Via Jason Moon. NHPR. Regulators Call for New Action to Address Water Contamination at Coakley Landfill

“CONCORD – A Committee of Conference on Monday voted to release what state Rep. Mindi Messmer, D-Rye, called a “neutered” version of HB 1766, which initially sought to have the Coakley Landfill Group (CLG) install a pump and treat system at the Superfund cleanup site.

Messmer and a bi-partisan group of Seacoast lawmakers introduced the bill, which passed the House as written, but was amended in the Senate version by state Sen. Martha Fuller Clark, D-Portsmouth.

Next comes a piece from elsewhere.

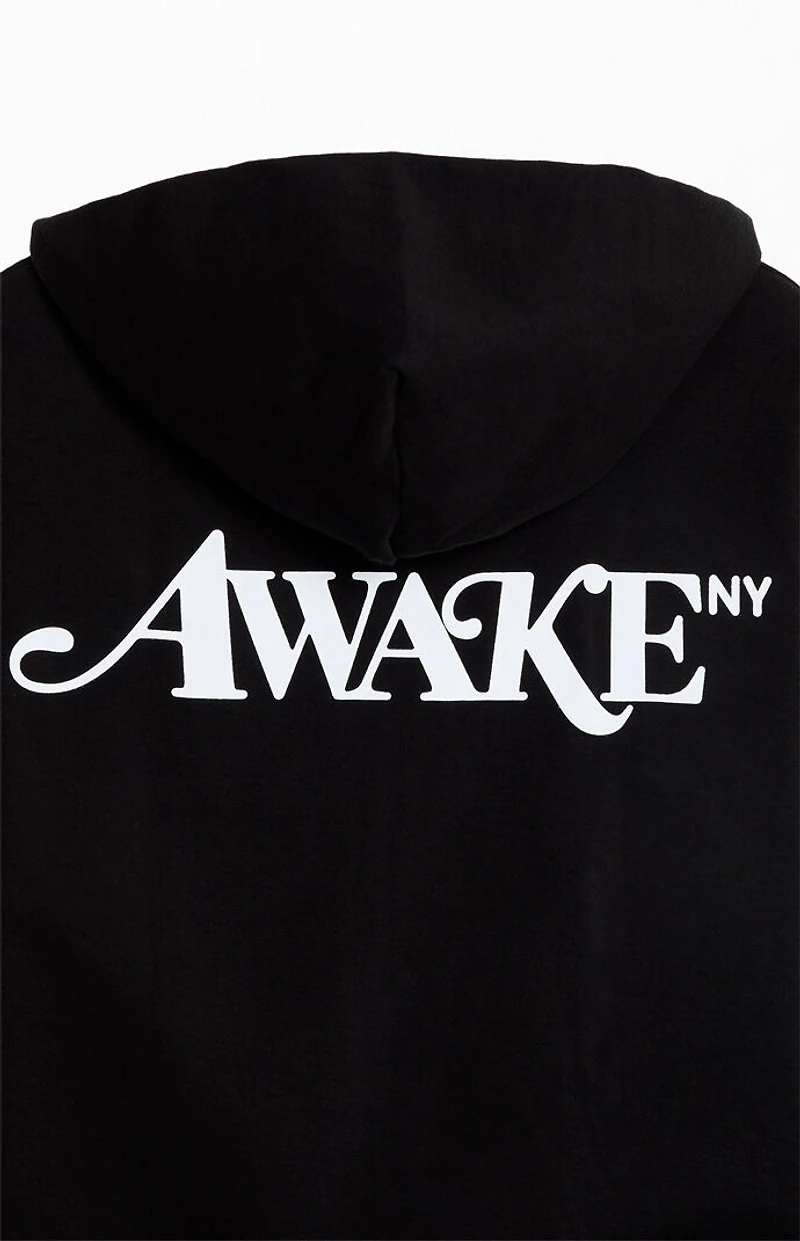 Awake NY Black Logo Full Zip Hoodie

The Committee of Conference released Fuller Clark’s version of the bill, which removed the language concerning the pump and treat system at Coakley from the bill.

People living around the landfill in Greenland and North Hampton are concerned dangerous chemicals leaching from the landfill will contaminate their residential wells…

The EPA recently ordered the CLG to conduct a deep bedrock study at the landfill to determine if there are pathways that contaminated water could follow from the landfill to nearby residential wells.

HB 1766 now only requires that N.H. Department of Environmental Services reports to the Legislature on the results of the study and other PFAS contamination around the Seacoast.

State Sen. Dan Innis, R-New Castle, offered an amendment to put the treatment system language back in the bill, but it failed, Messmer said.”